- **Task description**
From the listing below, return each line that includes "watch".

- **Data supplied**
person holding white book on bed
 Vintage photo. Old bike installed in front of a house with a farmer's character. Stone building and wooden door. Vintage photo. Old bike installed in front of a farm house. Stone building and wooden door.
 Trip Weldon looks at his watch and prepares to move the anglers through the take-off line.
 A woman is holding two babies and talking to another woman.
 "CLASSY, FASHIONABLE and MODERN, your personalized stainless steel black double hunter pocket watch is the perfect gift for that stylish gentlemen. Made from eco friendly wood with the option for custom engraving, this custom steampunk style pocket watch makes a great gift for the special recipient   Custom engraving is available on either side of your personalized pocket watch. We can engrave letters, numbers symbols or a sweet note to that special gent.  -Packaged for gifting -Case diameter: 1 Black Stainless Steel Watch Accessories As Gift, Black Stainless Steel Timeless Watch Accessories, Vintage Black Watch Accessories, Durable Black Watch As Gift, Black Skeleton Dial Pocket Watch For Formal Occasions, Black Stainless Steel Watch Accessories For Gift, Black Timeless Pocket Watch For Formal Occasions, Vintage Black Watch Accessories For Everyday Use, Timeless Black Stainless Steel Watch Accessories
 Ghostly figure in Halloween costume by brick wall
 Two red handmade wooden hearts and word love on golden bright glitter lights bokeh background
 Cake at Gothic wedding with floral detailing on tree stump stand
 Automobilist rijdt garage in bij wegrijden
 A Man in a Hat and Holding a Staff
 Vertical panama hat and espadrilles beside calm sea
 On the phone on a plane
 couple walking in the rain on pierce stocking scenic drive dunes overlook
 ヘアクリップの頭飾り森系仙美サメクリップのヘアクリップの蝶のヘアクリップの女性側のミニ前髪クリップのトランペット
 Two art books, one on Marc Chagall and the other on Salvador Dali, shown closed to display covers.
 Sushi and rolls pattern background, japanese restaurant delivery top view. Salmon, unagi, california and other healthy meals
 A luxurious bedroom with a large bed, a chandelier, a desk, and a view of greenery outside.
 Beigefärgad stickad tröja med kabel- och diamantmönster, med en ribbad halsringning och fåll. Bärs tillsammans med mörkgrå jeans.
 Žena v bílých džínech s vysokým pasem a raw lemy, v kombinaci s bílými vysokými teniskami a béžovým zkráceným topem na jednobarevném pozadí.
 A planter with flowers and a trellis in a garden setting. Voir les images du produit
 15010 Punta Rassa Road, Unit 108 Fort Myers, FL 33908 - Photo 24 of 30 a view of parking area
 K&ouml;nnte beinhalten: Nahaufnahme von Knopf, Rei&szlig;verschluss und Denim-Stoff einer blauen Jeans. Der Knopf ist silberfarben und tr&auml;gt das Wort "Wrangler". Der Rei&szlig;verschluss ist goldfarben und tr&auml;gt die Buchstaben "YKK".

- **Problem solution**
 Trip Weldon looks at his watch and prepares to move the anglers through the take-off line.
 "CLASSY, FASHIONABLE and MODERN, your personalized stainless steel black double hunter pocket watch is the perfect gift for that stylish gentlemen. Made from eco friendly wood with the option for custom engraving, this custom steampunk style pocket watch makes a great gift for the special recipient   Custom engraving is available on either side of your personalized pocket watch. We can engrave letters, numbers symbols or a sweet note to that special gent.  -Packaged for gifting -Case diameter: 1 Black Stainless Steel Watch Accessories As Gift, Black Stainless Steel Timeless Watch Accessories, Vintage Black Watch Accessories, Durable Black Watch As Gift, Black Skeleton Dial Pocket Watch For Formal Occasions, Black Stainless Steel Watch Accessories For Gift, Black Timeless Pocket Watch For Formal Occasions, Vintage Black Watch Accessories For Everyday Use, Timeless Black Stainless Steel Watch Accessories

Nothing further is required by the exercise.